Destaca, asimismo, que se han implementado diversas medidas, como «capacitaciones en terreno, redes de colaboración campesina y también apoyo técnico. Se han hecho cosas muy valiosas, como la destinación de recursos por más de 180 millones de dólares para el combate, pero también en prevención. El problema es que sigue siendo insuficiente».
Por otra parte, enfatiza la necesidad de seguir trabajando fuertemente en la reducción del combustible «para reducir la continuidad horizontal de la carga de elementos propagadores, pero también es necesario abordar la continuidad vertical, es decir, podar, ya que vienen las altas temperaturas, la vegetación de menor envergadura se seca y puede propiciar la propagación de un evento que escale a la vegetación mayor».
Esa cadena de procesos es la que produce un incendio, afirma, por lo que resulta fundamental aumentar la inversión en labores de silvicultura preventiva y tratamiento de la vegetación, particularmente de los bosques, donde aún observa falta de preparación, presupuestos e incentivos.
«El año pasado tuvimos una jornada reflexiva y llegamos a la conclusión que todo parte por el manejo de la vegetación.
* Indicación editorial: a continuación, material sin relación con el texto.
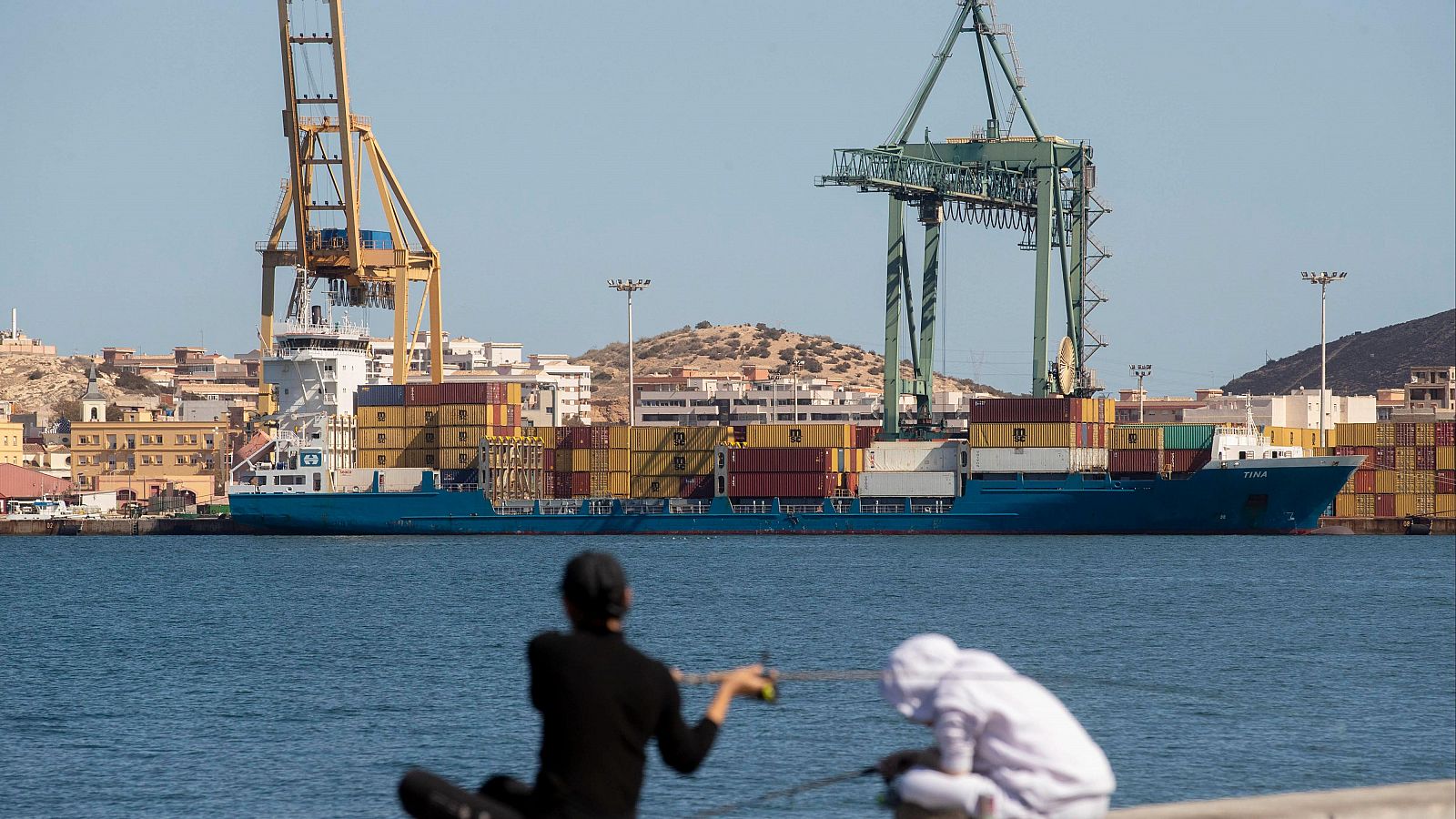 Piden que se retenga en Cartagena un carguero que lleva armas a Israel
Creo que ahí está la clave», sentencia.
Respecto a las formas de reducir esta carga de vegetación altamente inflamable, señala que «hoy existen alternativas a la quema de estos materiales, aunque el fuego sigue siendo una alternativa rústica pero efectiva para poder disminuir el peligro de incendio. Pero la reducción de combustible también se puede hacer de otras maneras, el problema es que son más caras».
Apoyar la toma de decisiones a escala de paisajes, simulando escenarios de propagación en distintos espacios, también es un camino, pero a largo plazo. En esta línea, sostiene la importancia de trabajar ahora mismo a nivel local junto a las comunidades que están más expuestas a riesgos de incendio forestal.
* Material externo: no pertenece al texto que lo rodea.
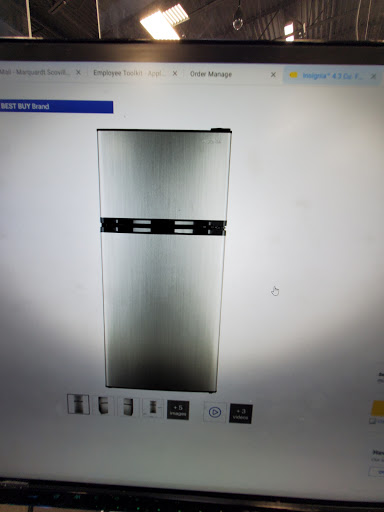 Electronics Store «Best Buy», reviews and photos, 8301 3rd St N, Oakdale, MN 55128, USA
«Cada región tiene realidades distintas y cada comuna responde a prioridades territoriales diferentes. Por eso, me parece que es necesario programas locales que, por ejemplo, ataquen directamente la gestión de la vegetación. La dinámica de ocurrencia de los incendios forestales no va en la misma celeridad que la política pública, por lo que recomiendo no esperar a que las autoridades nos digan qué hacer con la vegetación», plantea.